2:30 a.m.: Ukrainian President Volodymyr Zelenskyy thanked the U.S. House of Representatives for approving more than $40 billion in military and humanitarian aid for Ukraine.

1:30 a.m.: Reuters reported that nominations for Russian gas transit via Ukraine at the Sokhranovka entry point for May 11 declined to zero, data from Ukraine's gas pipeline operator showed on Wednesday, following Kyiv's warning of shutting down supplies through the route.

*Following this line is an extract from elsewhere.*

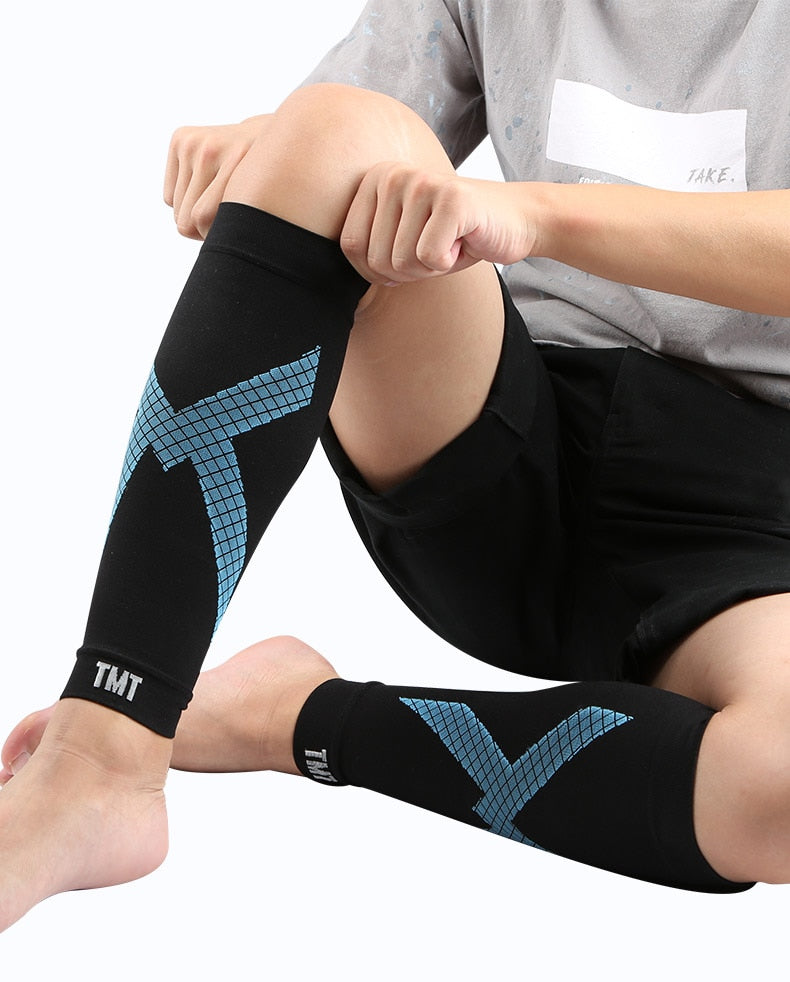 Physiome - Compression Calf Sleeve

Ukraine said on Tuesday it would suspend the flow of gas through the transit point that it said delivers almost a third of the fuel piped from Russia to Europe through Ukraine, blaming Moscow for the move and saying it would move the flows elsewhere.

The data also showed that requests for Russian gas transit to Europe via Ukraine at the Sudzha entry point stood at almost 72 million cubic meters for Wednesday.

1:00 a.m.: An overnight strike destroyed a large shopping mall in the strategic port city of Odesa, Ukraine. For VOA, Yan Boechat visited the site of a Russian missile attack in Odesa.

12:40 a.m.: In its daily battleground intelligence report, the U.K. defense mnistry said Wednesday that Ukraine has successfully struck Russian air defenses and resupply vessels with Bayraktar drones.

12:10 a.m.: The war in Ukraine has taken a toll on civilians as families are separated. In this video released on Facebook, a Ukrainian mother was reunited with her police officer son after 74 days apart.

The video was posted by police in Kharkiv, Ukraine, on May 9, 2022, Reuters reported.

12:01 a.m.: The U.S. House of Representatives on Tuesday approved a bill authorizing nearly $40 billion in new military and humanitarian aid for Ukraine, $7 billion more than President Joe Biden asked for last week. The measure must still be approved by the Senate.

Biden has said his administration has “nearly exhausted” his existing authority to send weapons and other military equipment from Pentagon stockpiles. VOA’s White House Bureau Chief Patsy Widakuswara filed this report.

Some information in this report came from The Associated Press, Reuters and Agence France-Presse.